Few books evoke the magic and sense of beguilment I felt when I first visited Indonesia. I knew next to nothing about the country or its people when I signed up for an intensive language program in Central Java in the middle of the Asian Financial Crisis. It was not that I felt I should learn about Indonesia. Australia’a economic future and the importance of understanding our Southeast Asian neighbours were far from my mind. Nobody was talking about the Asian century yet. Instead, Indonesia compelled me with its complexity, its diversity, its smoldering volcanoes and its complicated histories. I could capture neither its essence nor its appeal in a single sentence, but I was hooked.
It is for these reasons that Ian Burnet’s new book, Archipelago: A Journey Across Indonesia should be welcomed. Burnet offers a combination of wonder, warmth and information, drawing the reader into an engaging adventure through Indonesia in a way that neither a guidebook, with its focus on logistics and practicalities, nor an academic text, dense with theory and footnotes, can. His perspective is uniquely Australian. Despite the ups and downs of the bilateral relationship, Burnet’s affection for Indonesia has not diminished since he first visited there in in 1968 as a young geologist. His previous publications, Spice Islands (2011) and East Indies (2013), focussed on early histories of Indonesia. Archipelago departs from this model by taking a more personal approach in which learning about history is a by-product of his travels rather than the main focus.

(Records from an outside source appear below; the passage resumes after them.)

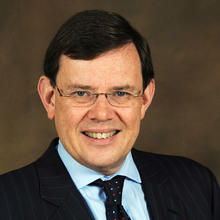 White man with dark short hair wearing glasses, a blue collared shirt, dark tie and dark jacket against a dark brown background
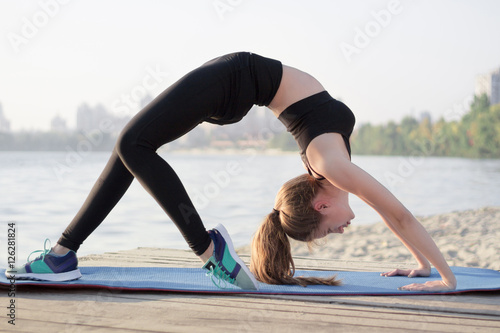 Sporty flexible girl stretches at bridge yoga exercise outdoor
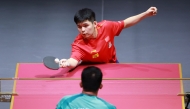 China's Lin Shidong hits a return during the men’s singles round of 64 match against Lam Siu Hang. Pictures: Xinhua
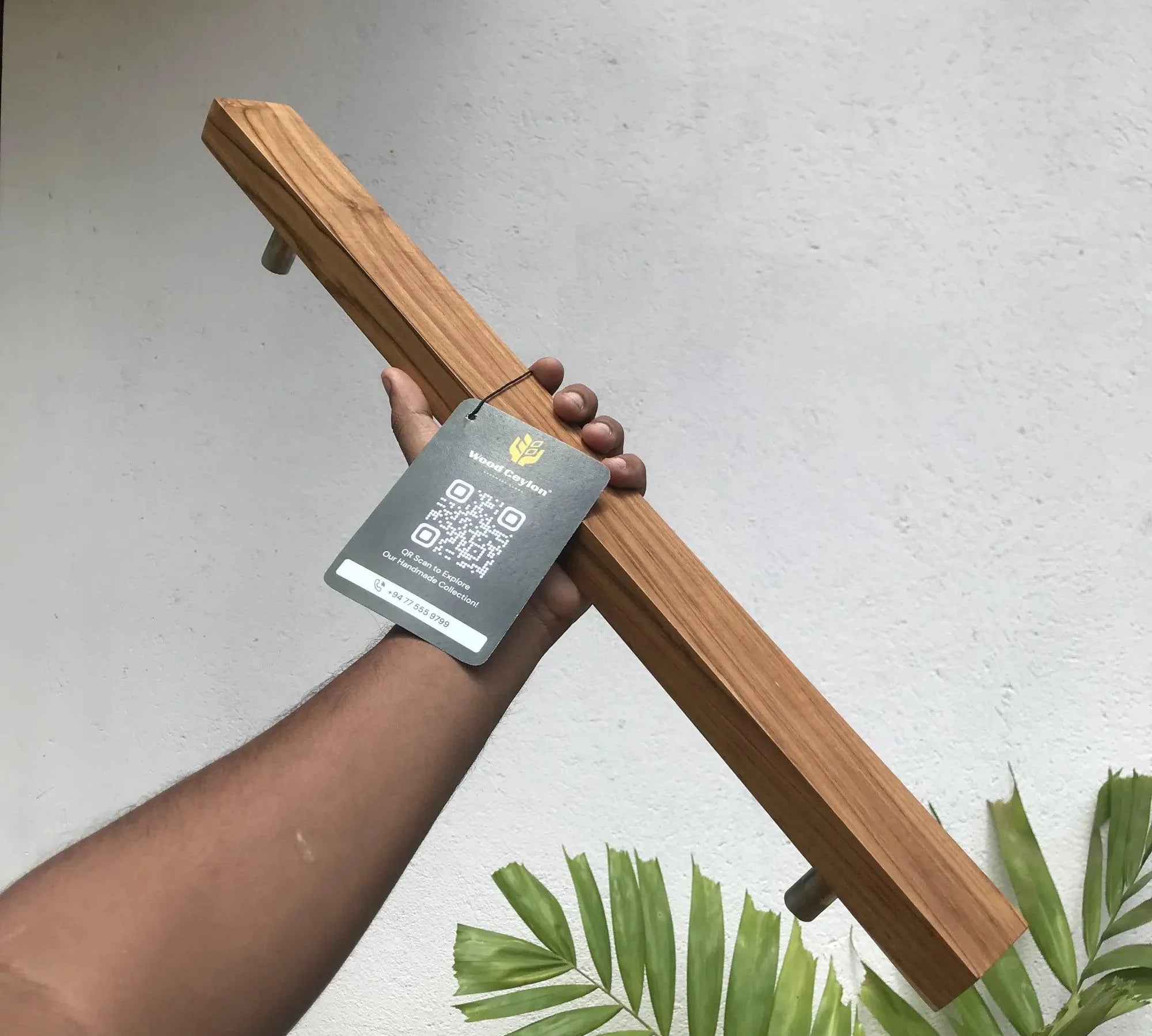 Hand holding a solid teak door handle with a sleek design and modern finish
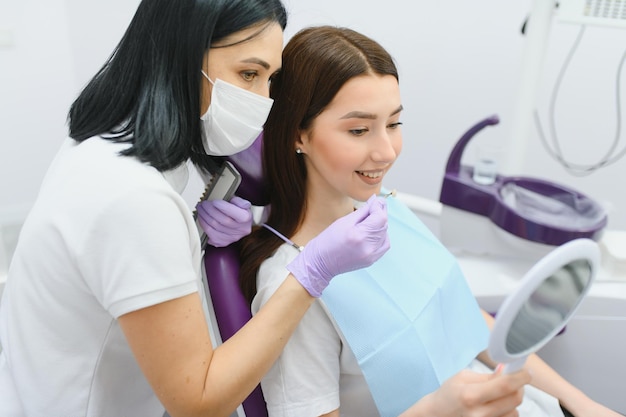 Young woman choosing color of teeth at dentist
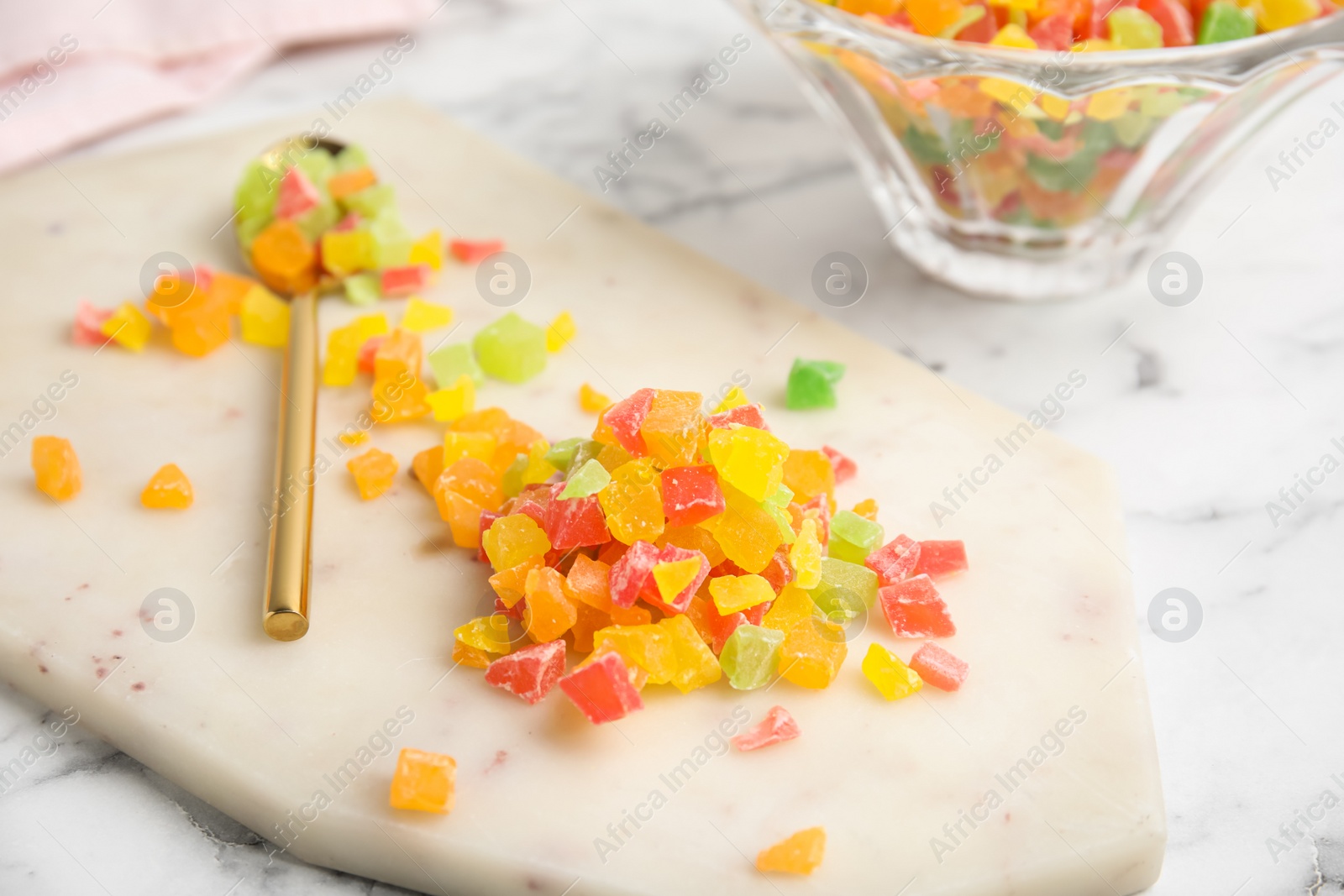 Photo of Mix of delicious candied fruits on white board, closeup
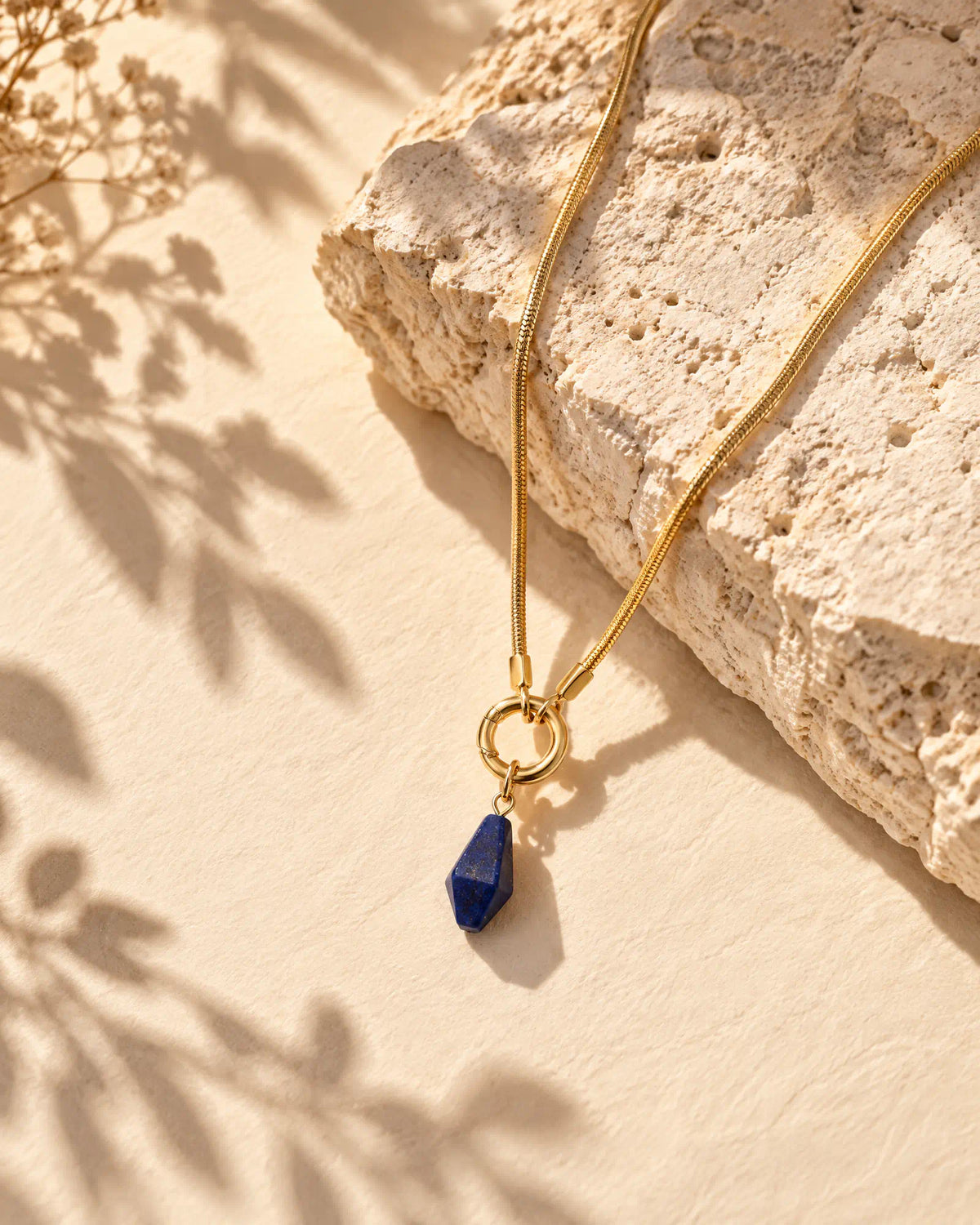 Midnight Faceted Prism Pendant flat lay on textured limestone
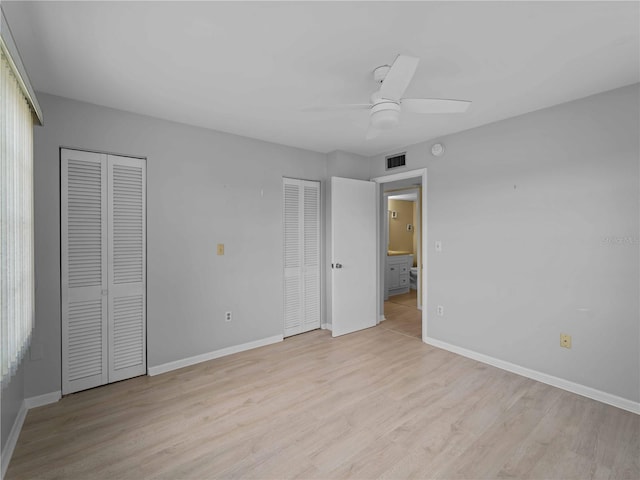 unfurnished bedroom with ceiling fan, light hardwood / wood-style flooring, and two closets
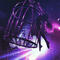a circus acrobat bathed in purple lighting
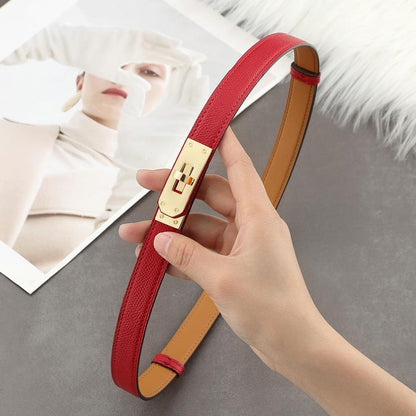 Close-up shot of a vibrant red Epsom leather Kelli belt featuring a polished golden turn-lock plate and tan leather interior
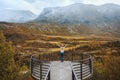 Woman enjoying autumn landscape on Vegaskjelet viewpoint travel outdoor aerial view forest and mountains Royalty Free Stock Photo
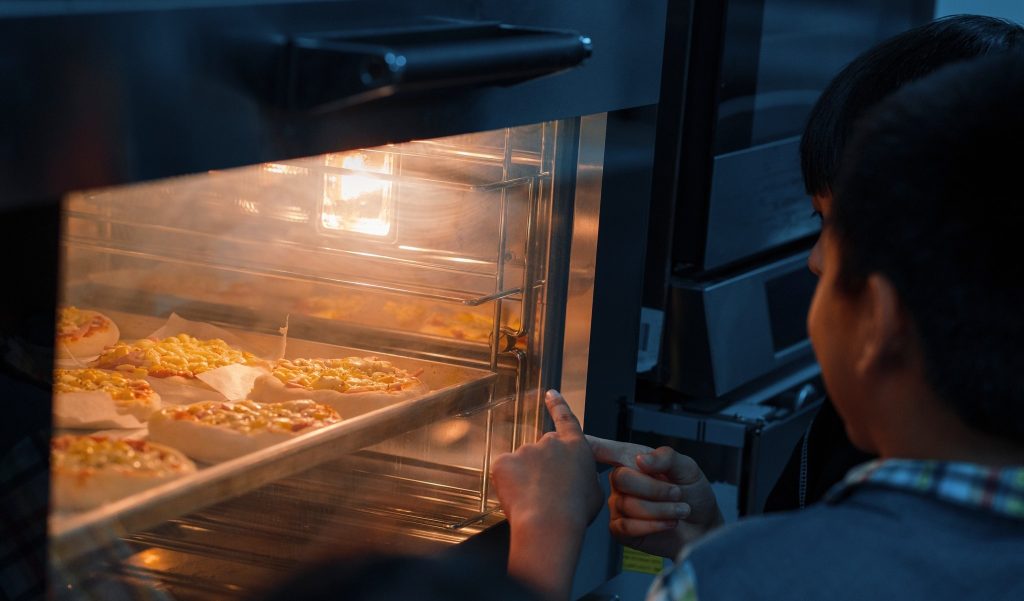 Khoảnh khắc quan sát pizza chín vàng trong lò nướng hiện đại tại lớp học trải nghiệm làm pizza.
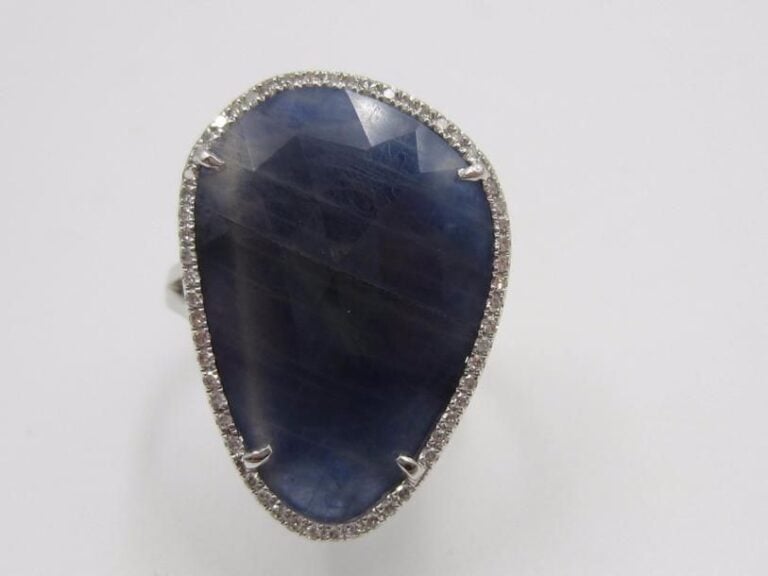 BAGUE en or gris (750 millièmes) serti d’un saphir plat et facetté, entouré de diamants taille brillan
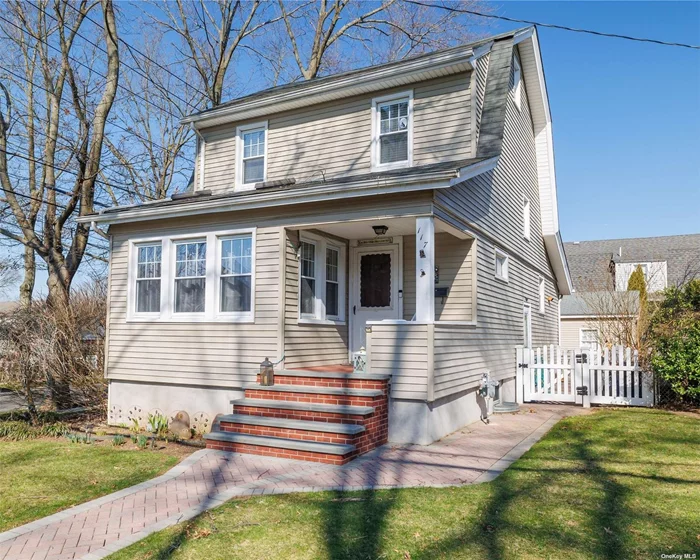 Come see this beautiful corner colonial located in the desired West End of the village of Floral Park. This lovely home has three bedrooms and two full bathrooms, a living room attached to a sunlit den and an open kitchen. The dining room features sliding doors that lead to the outdoor patio - the fenced-in yard has mature landscaping for privacy. This home has a walk-up attic and a finished basement with outside entrance. Other features include a welcoming front porch, a private driveway with garage & in-ground sprinkler system. Fabulous location just blocks to L.I.R.R., shops and restaurants. Floral Park-Bellerose schools.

Burnet starts his journey in the Malaysian port city of Malacca, which acts as his entry point to Jakarta. Moving eastwards “by bus, plane, train, ferry, boat, car and motorcycle”. Burnet explores Java before island-hopping his way through Bali, Lombok, Sumbawa, Komodo, Flores, Solor and Timor, both West and East. The final four of the seventeen chapters in Archipelago are dedicated to East Timor (Timor Leste), including the enclave of Oecusse. Timor Leste has not been part of Indonesian territory since the popular consultation of 1999, and its inclusion indicates Burnet’s interest in this new nation rather than a strict adherence to precise definitions of “Indonesia”. Along the way, he shares his appreciation and knowledge of Indonesia’s landscape, food, people and history. Religion features prominantly too, although politics and economics are set aside. The result is eminently readable.
Burnet enjoys many of the quintessential Indonesian tourist experiences. He watches the sun rise over Borobodur temple, marvels at Java’s active volcanoes, and visits Komodo and the eponymous “dragons”. He evokes Paul Theroux in extolling the virtues of travelling alone. While Burnet’s writing is sprinkled with quotes from many of the standard sources - including Sir Stamford Raffles and “ that greatest of all archipelago travellers, Alfred Russel Wallace”, he also makes use of inscriptions, manuscripts and letters. The text is further enlivened by the generous use of colour images: marvellous maps, both ancient and modern, colonial-era drawings and paintings, and many of Burnet’s own photographs. These textual and pictorial sources add both historical flavour and literary depth.